* [SOURCE INFORMATION]:
——

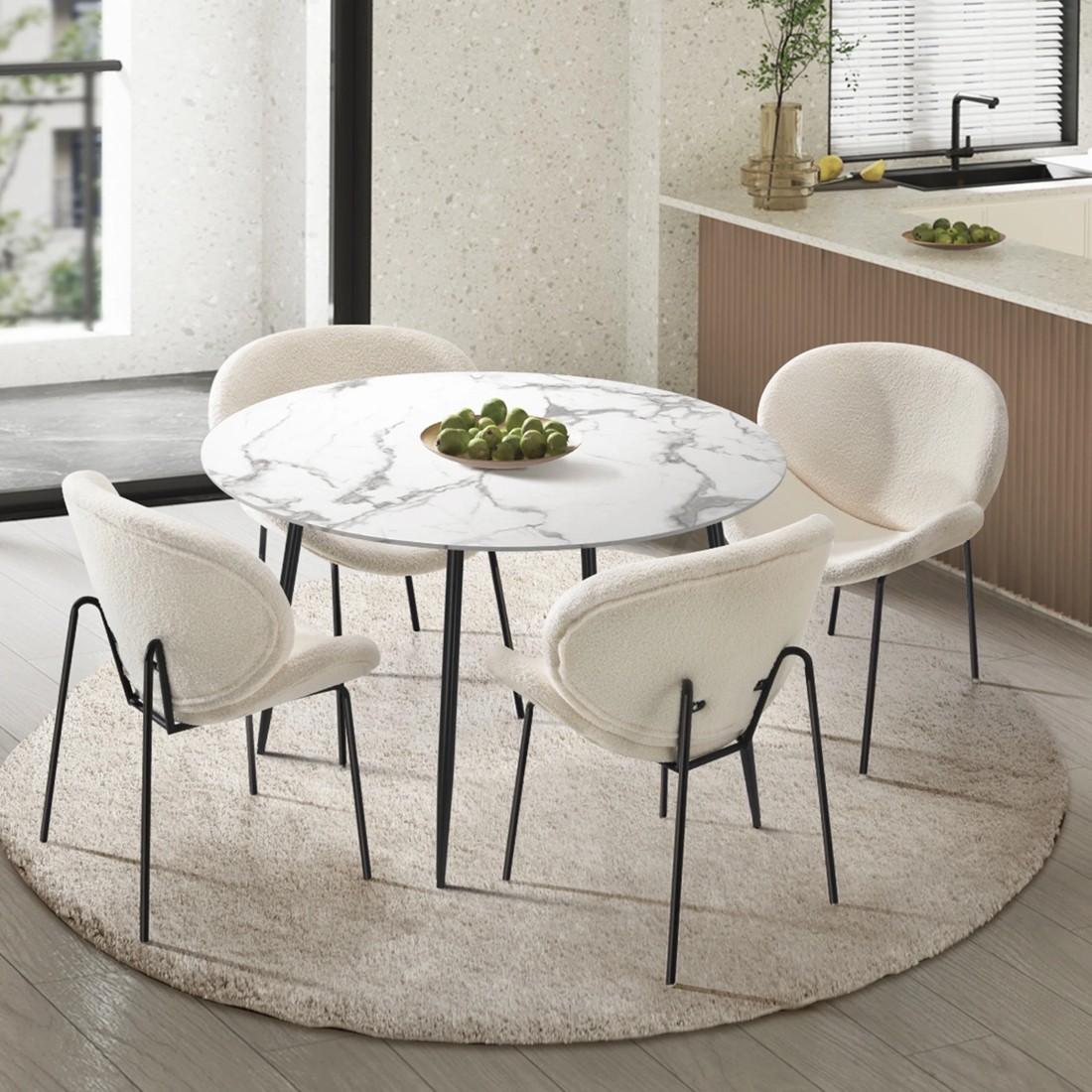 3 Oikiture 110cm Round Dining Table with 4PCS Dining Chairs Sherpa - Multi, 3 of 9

——

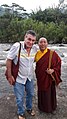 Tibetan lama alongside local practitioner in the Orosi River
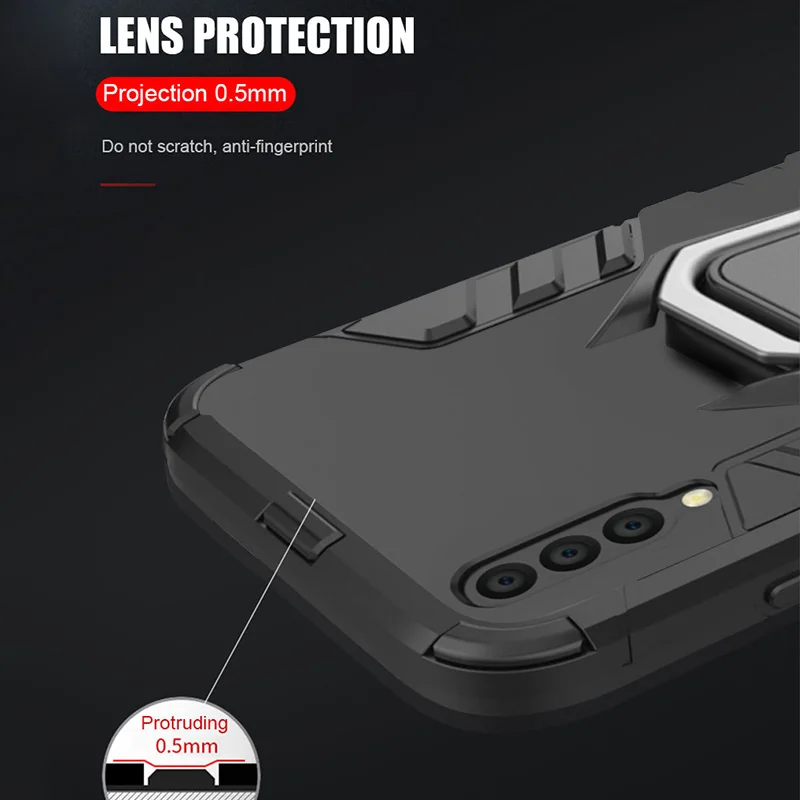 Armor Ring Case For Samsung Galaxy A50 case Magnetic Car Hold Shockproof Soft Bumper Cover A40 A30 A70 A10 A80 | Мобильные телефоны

——

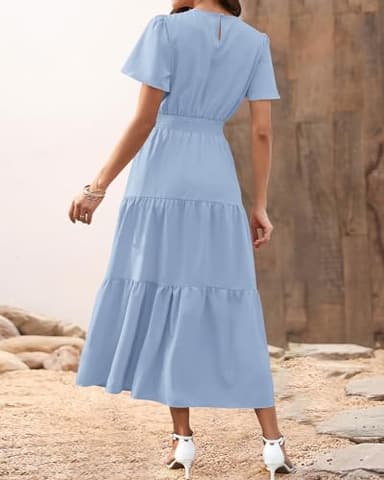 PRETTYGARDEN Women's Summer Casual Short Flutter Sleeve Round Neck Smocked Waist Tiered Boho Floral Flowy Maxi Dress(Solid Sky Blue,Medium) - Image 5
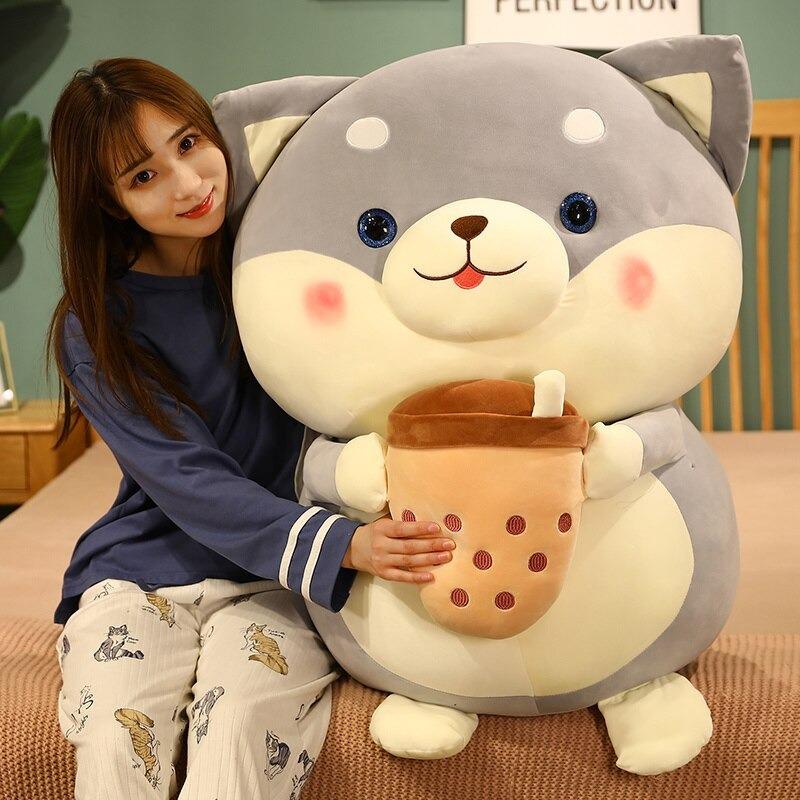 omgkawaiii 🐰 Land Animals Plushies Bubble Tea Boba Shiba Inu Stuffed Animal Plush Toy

——

* [WORK INSTRUCTION]: What's needed is an exact copy of the lines above from the one with "PRETTYGARDEN Women's Summer" through the one with "omgkawaiii 🐰 Land", both included; the pictures stay out.

* [EXPECTED OUTPUT]:
 PRETTYGARDEN Women's Summer Casual Short Flutter Sleeve Round Neck Smocked Waist Tiered Boho Floral Flowy Maxi Dress(Solid Sky Blue,Medium) - Image 5
 omgkawaiii 🐰 Land Animals Plushies Bubble Tea Boba Shiba Inu Stuffed Animal Plush Toy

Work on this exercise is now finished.